[Web page caption snippets]
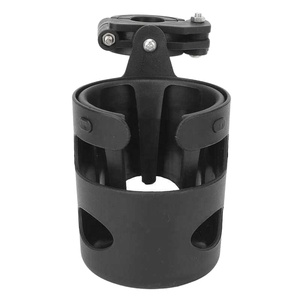 Nouveau <span class=keywords><strong>porte</strong></span>-gobelet pour poussette, <span class=keywords><strong>porte</strong></span>-bouteille pour enfants, <span class=keywords><strong>porte</strong></span>-gobelet pour voiture à quatre roues, <span class=keywords><strong>porte</strong></span>-bouteille pour <span class=keywords><strong>vélo</strong></span>, tricycle universel - Product Image 1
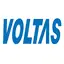Voltas Vcare Plus 3.42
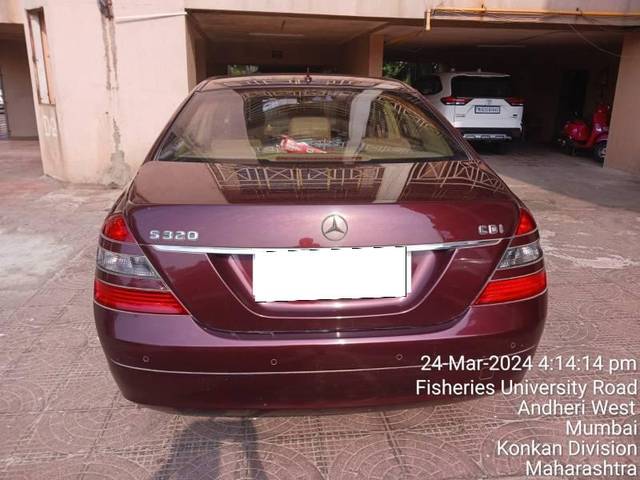 https://images10.gaadi.com/usedcar_image/4137115/original/processed_e0f11154-3895-4df4-9c61-3d9dfbe540c6.jpg?imwidth=6401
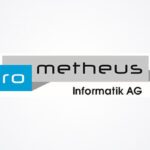 Prometheus Informatik AG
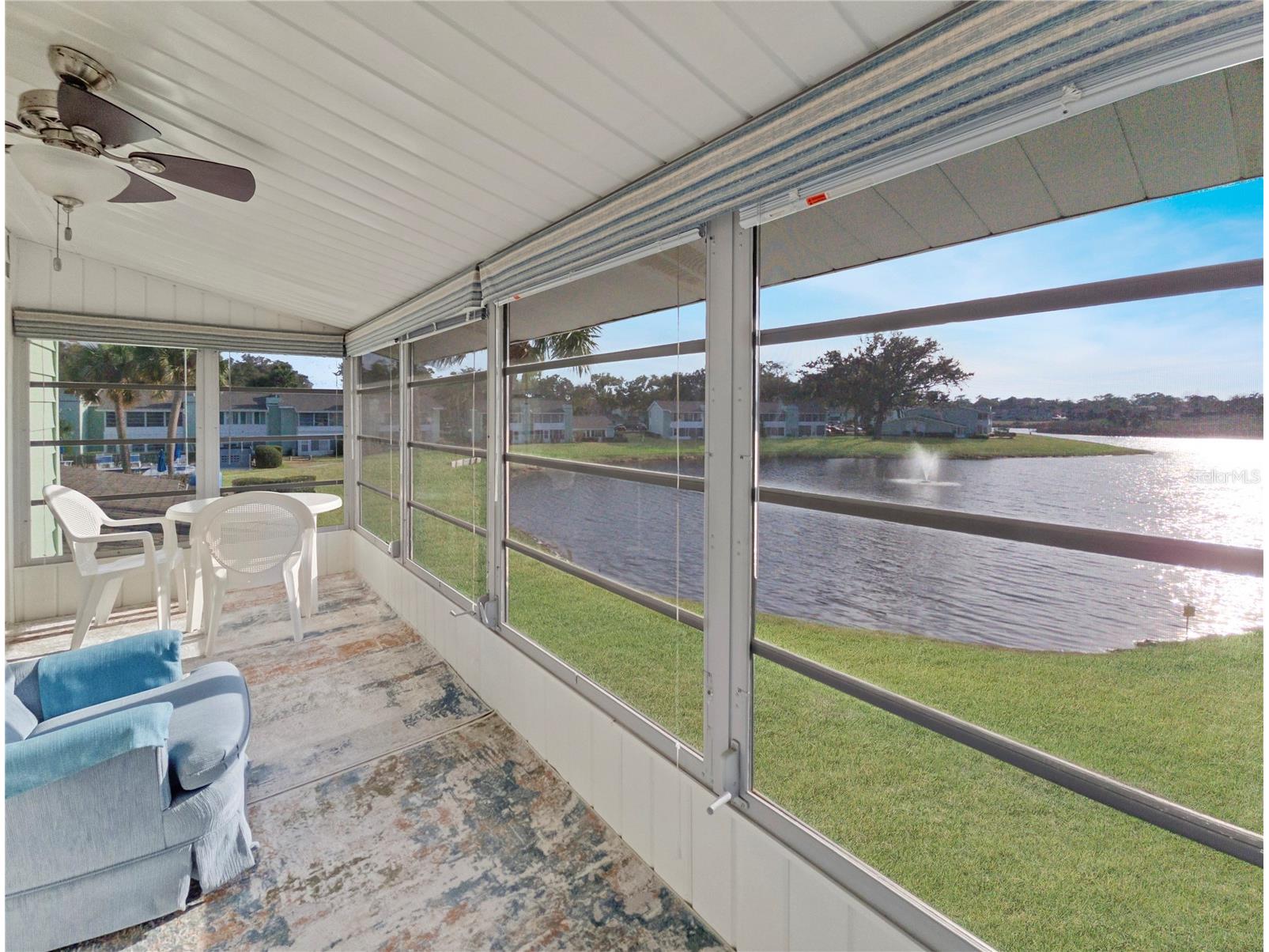 527 Midway Drive #B Ocala FL 34472 - LAKE SPARKLE OM719279 image24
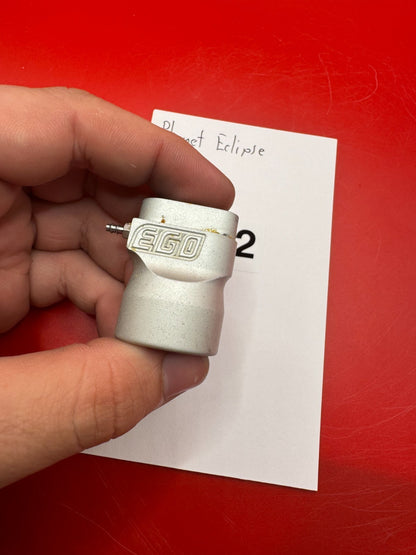 Planet Eclipse O6 Ego VASA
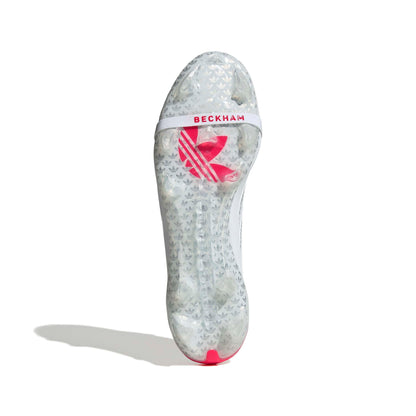 adidas Predator Elite Fold-Over Tongue FG David Beckham Firm Ground (FG) adidas 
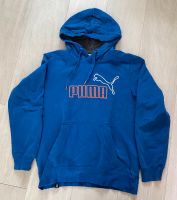 Hoodie/Puma/S/Bauchtasche Hamburg - Harburg Vorschau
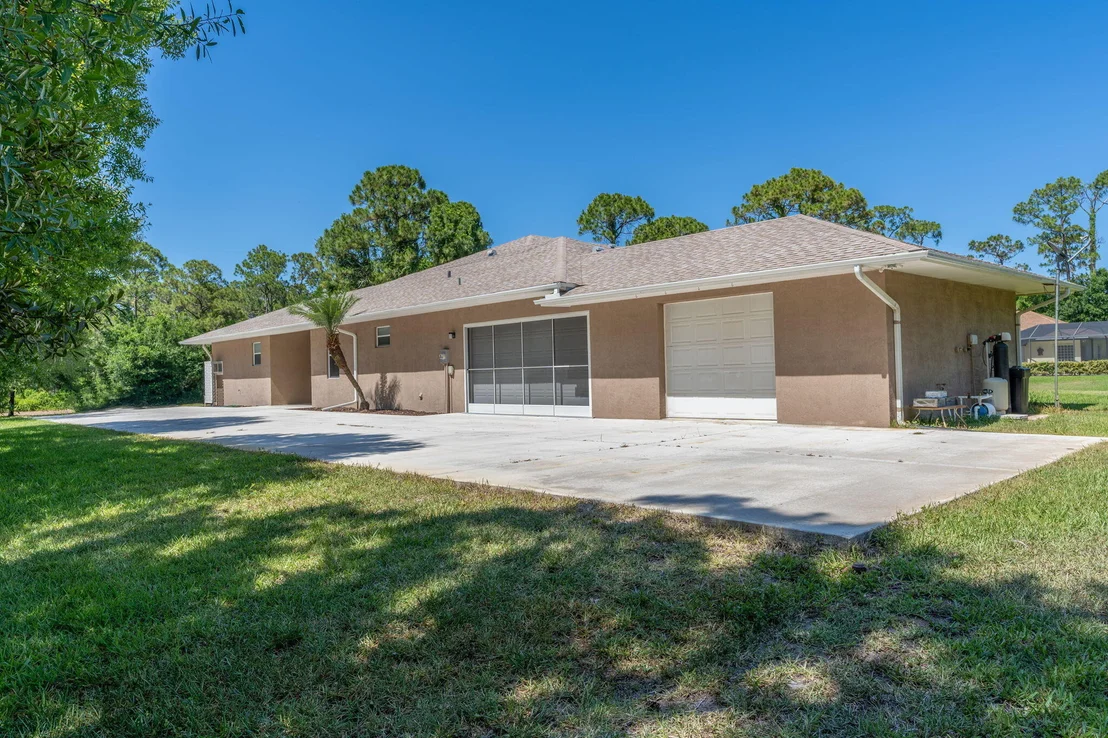 Photo of 10641 Pine Cone Lane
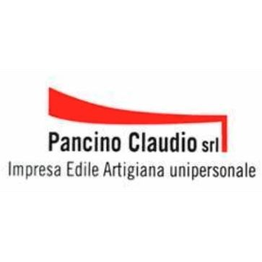 Pancino Claudio Srl Impresa Edile Artigiana Unipersonale logo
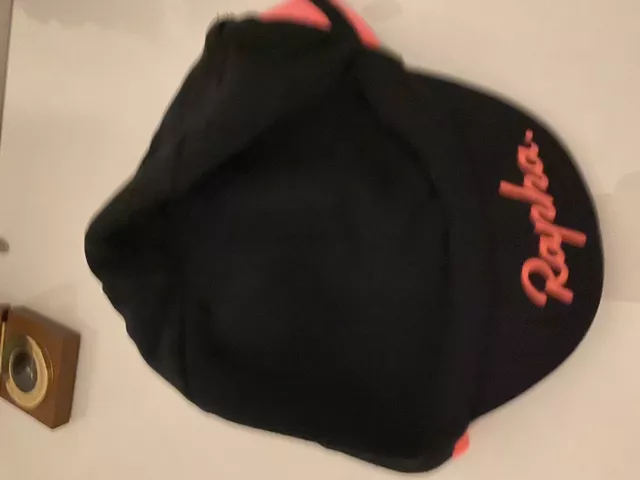 Rapha Cross Winter Hat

What to produce -
Exact copies of the lines from the one containing "Prometheus Informatik AG" through the final line of the data are required; pictures are to be omitted.

Answer box -
 Prometheus Informatik AG
 527 Midway Drive #B Ocala FL 34472 - LAKE SPARKLE OM719279 image24
 Planet Eclipse O6 Ego VASA
 adidas Predator Elite Fold-Over Tongue FG David Beckham Firm Ground (FG) adidas 
 Hoodie/Puma/S/Bauchtasche Hamburg - Harburg Vorschau
 Photo of 10641 Pine Cone Lane
 Pancino Claudio Srl Impresa Edile Artigiana Unipersonale logo
 Rapha Cross Winter Hat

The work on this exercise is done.